Marcelo Miterhof
Folha de S.Paulo
O recém-lançado livro “Conta de Juros Grande
& Favela” (editora COM2B), dos economistas Matías Vernengo e Alcino Camara,
é uma leitura valiosa para entender como a racionalidade heterodoxa pode
sugerir um caminho distinto para a política econômica no Brasil e no mundo.
Aproveitando a comemoração do 1º de Maio, a
coluna de hoje usa o livro para discutir como as ideias de Keynes serviram de
base para uma tentativa de “eutanásia do rentismo” no pós-Guerra e como foi a
reversão a partir dos anos 1980.
Distintamente do que se costuma supor, Keynes
não defendia o uso de deficit públicos indiscriminados para impulsionar a
atividade econômica. De fato, recessões tendem a gerar deficit, pois há queda
das receitas tributárias e elevação de gastos sociais, como o
seguro-desemprego.
Porém tais deficit são o efeito, não a
solução de uma recessão. Tentar impedi-los é um erro que agrava o problema, mas
a saída é outra. É preciso mitigar o ciclo econômico, estabilizando o
investimento. Como o investimento privado é induzido pelas expectativas de
demanda, essa tarefa cabe ao investimento público.
Para Keynes, os orçamentos públicos correntes
devem ser na média equilibrados enquanto o de investimento seria um instrumento
contracíclico. O endividamento causado por deficit nos orçamentos de capital
não é problemático se os juros da dívida do Estado puderem ser suportados pelos
impostos.
Os juros baixos aumentam a capacidade de
endividamento e de investimento do Estado, além de facilitar o financiamento
dos investimentos privados.
Para ter a capacidade de fixar seus juros, o
governo deve sempre que preciso impor controles de capital, isto é, regras que
dificultem por meio de taxações e prazos mínimos de permanência a fuga de
capitais em busca de taxas mais altas em outros países. Ademais, deve se
preocupar em combater deficit na balança comercial, cujo desequilíbrio
prolongado pressiona os juros, que precisam ser elevados para conter a demanda
agregada ou atrair capitais.
A “eutanásia do rentismo”, limitando suas
possibilidades de ganho, incentiva a produção e o trabalho. Tal estratégia se
baseia em profundas mudanças no entendimento econômico, como a causalidade
entre investimento e poupança, o papel da moeda fiduciária e a interação entre
gastos públicos e privados.
Mas há também uma escolha política a favor da
igualdade. Ao facilitar o gasto público e promover o crescimento, as políticas
keynesianas tornam o trabalho relativamente escasso, aumentando a participação
dos salários no PIB. Paralelamente, a partir dos anos 1930 pesadas elevações de
carga tributária permitiram montar o Estado de Bem-Estar.

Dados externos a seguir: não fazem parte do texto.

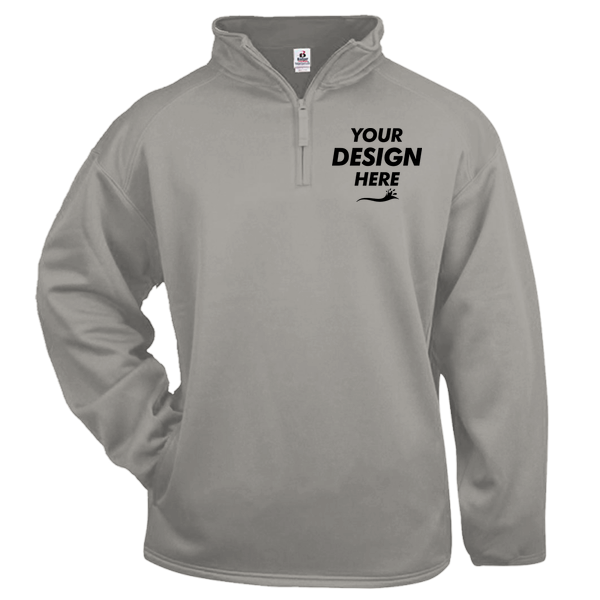 Badger Men's Performance Quarter-Zip Pullover, Silver, Front view, Mockup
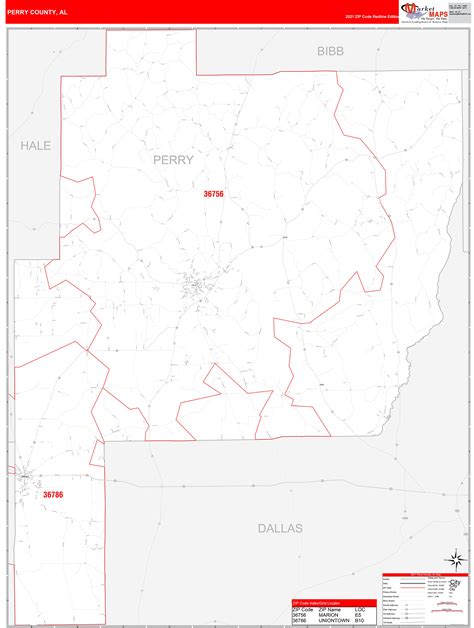 Perry County Al Zip Code Wall Map Red Line Style By Marketmaps Mapsales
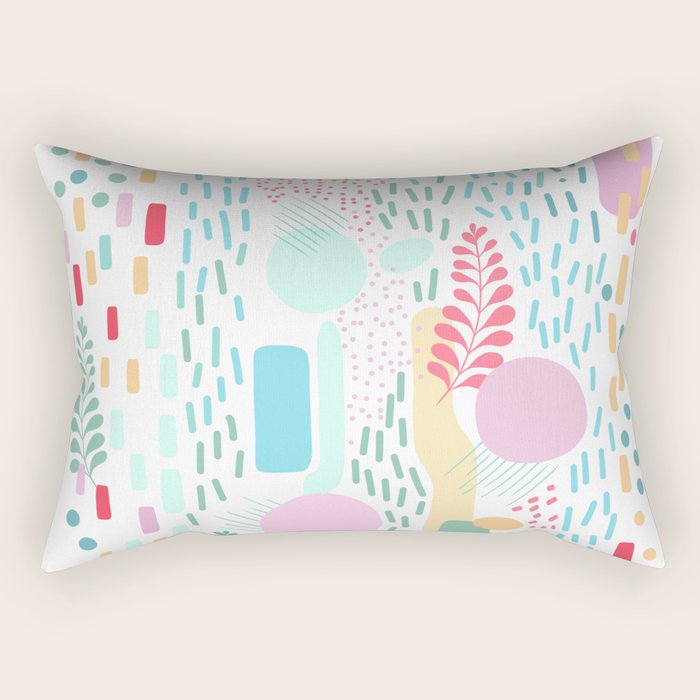 Abstract Nature - Colourful Doodle Pattern 3 Rectangular Pillow Gallery Image 2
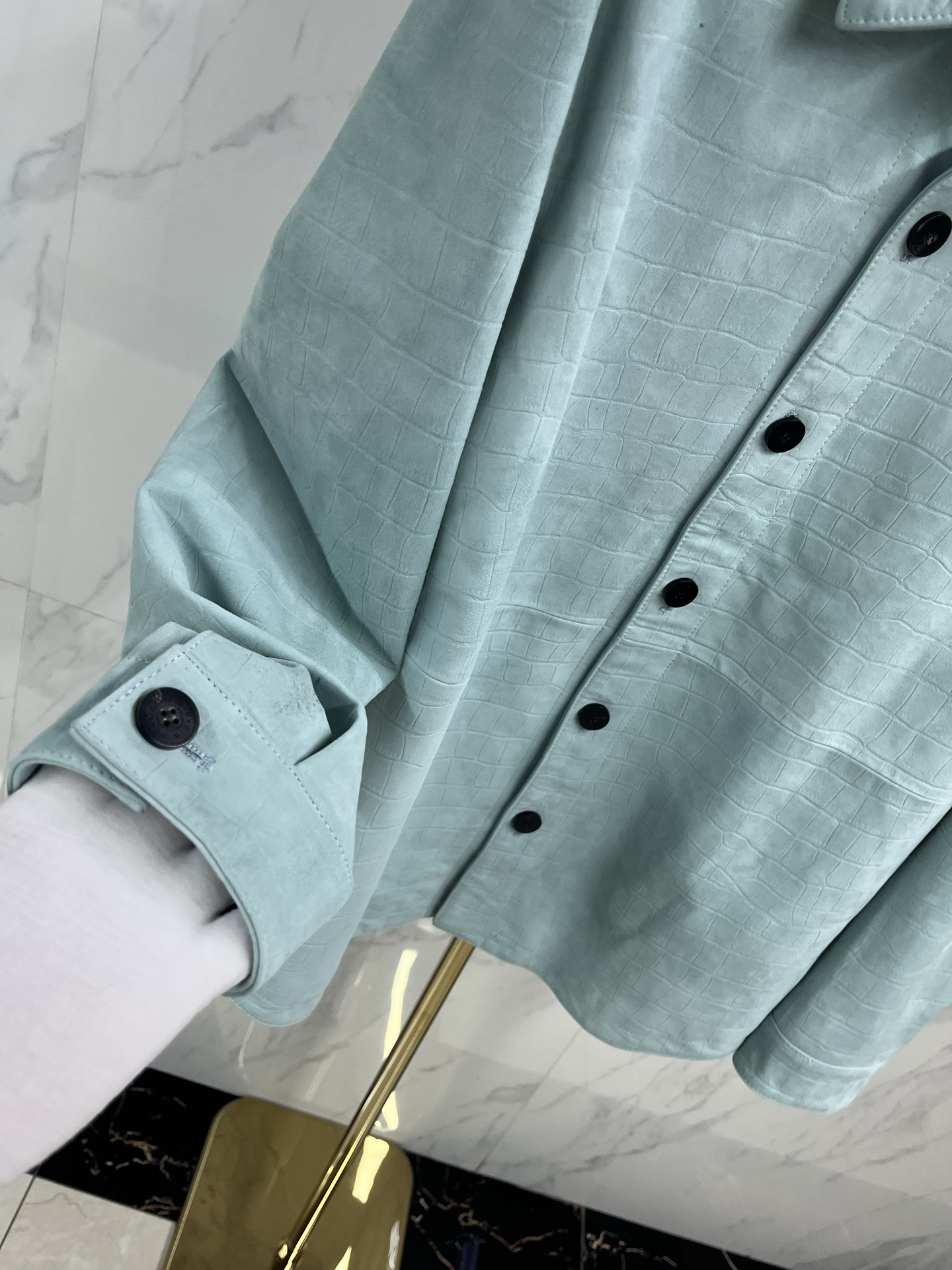 エルメス「Hermès」オレンジカラー スエードエンボス ジャケット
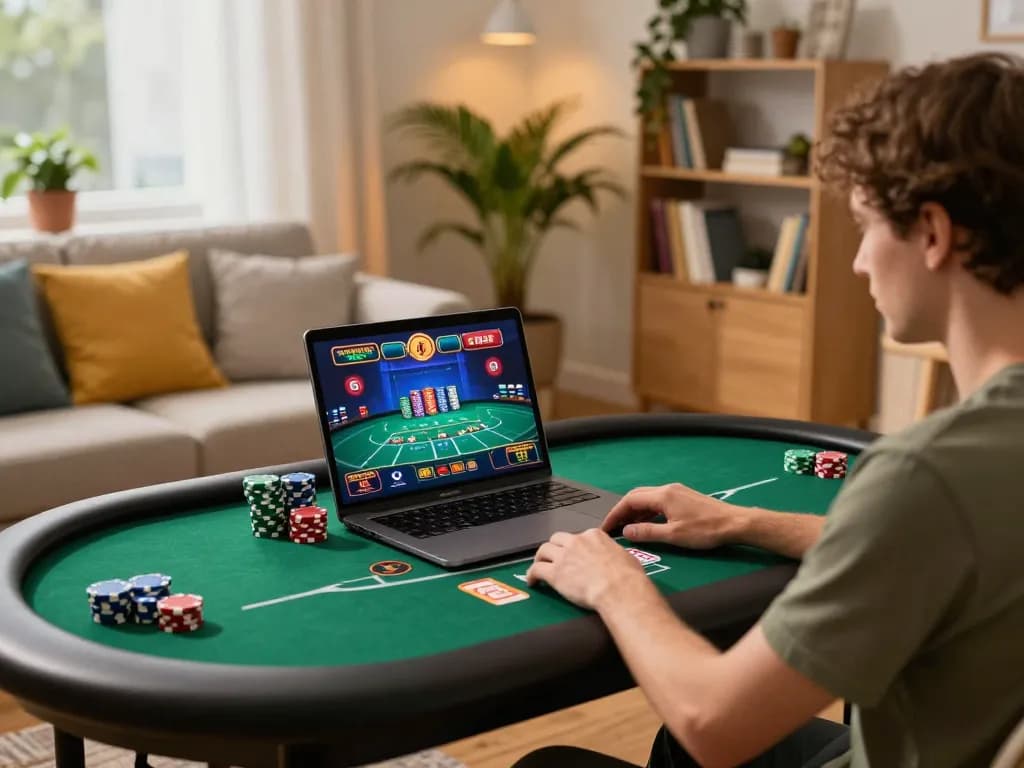 Player enjoying a ku win moment at home playing poker online with strategic focus and comfortable ambiance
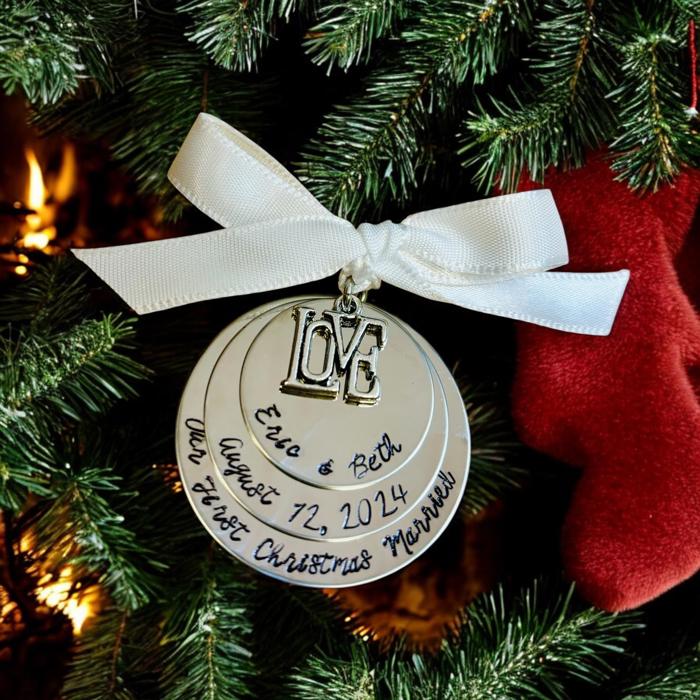 Our First Christmas Married Ornament custom ornament wedding Christmas Ornament Personalized Christmas Ornament Engagement Wedding bride groom Wedding date ornament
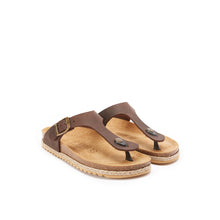 Load image into Gallery viewer, Dark Brown thong sandals BLANCA made with leather
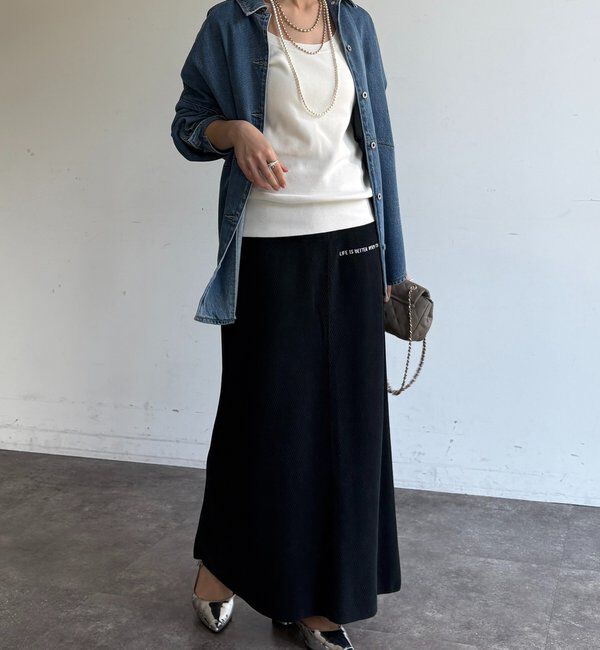  「【セットアップ可能】ハニカムワッフル編みニットスカート」|スカート|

O baixo desemprego e os direitos sociais
fortaleceram o poder dos trabalhadores, fazendo com que no final dos anos 1960
os salários passassem a crescer acima da produtividade. Naturalmente, a
inflação decorrente não foi problema para os salários reais. Tampouco existia
risco de indexação. Havia apenas um conflito distributivo transitório em razão do
aumento da apropriação de renda pelos salários.
A inflação prejudicou mesmo foram os
detentores de ativos financeiros: bancos, corporações e os ricos.
O problema foi que nos anos 1970 vieram os
choques do petróleo (nos EUA, houve ainda o enfraquecimento do dólar em razão
dos deficit externos), que de fato penalizaram os salários. Como são os
salários que impulsionam a economia, o choque externo trouxe estagnação junto
com a inflação (“estagflação”).
Essa foi a senha para a “vingança do rentismo”.
O corte nos impostos ganhou vigoroso apoio. A ideia era que, como o setor
privado seria mais eficiente no uso dos recursos, a contração dos gastos
públicos expandiria o PIB e, assim, a arrecadação seria até maior do que antes.
Isso nunca se verificou, é claro.
Mas o crucial era difundir a crença de que o
setor público é sempre ineficiente e deveria se abster de intervir nos
mercados.
A liberalização da movimentação de capitais
foi chave, sob a crença de que traria mais eficiência aos mercados financeiros.
Os BCs, salvo o americano, passaram a ter como único objetivo declarado o
controle da inflação.
Na prática, os juros subiram, os impostos
ficaram mais regressivos e a desigualdade piorou. A atual crise financeira
talvez seja uma nova virada nessa trajetória.
Na semana que vem, o tema é a “vingança do
rentismo” no Brasil.
Marcelo
Miterhof é economista do BNDES. O artigo não reflete
necessariamente a opinião do banco.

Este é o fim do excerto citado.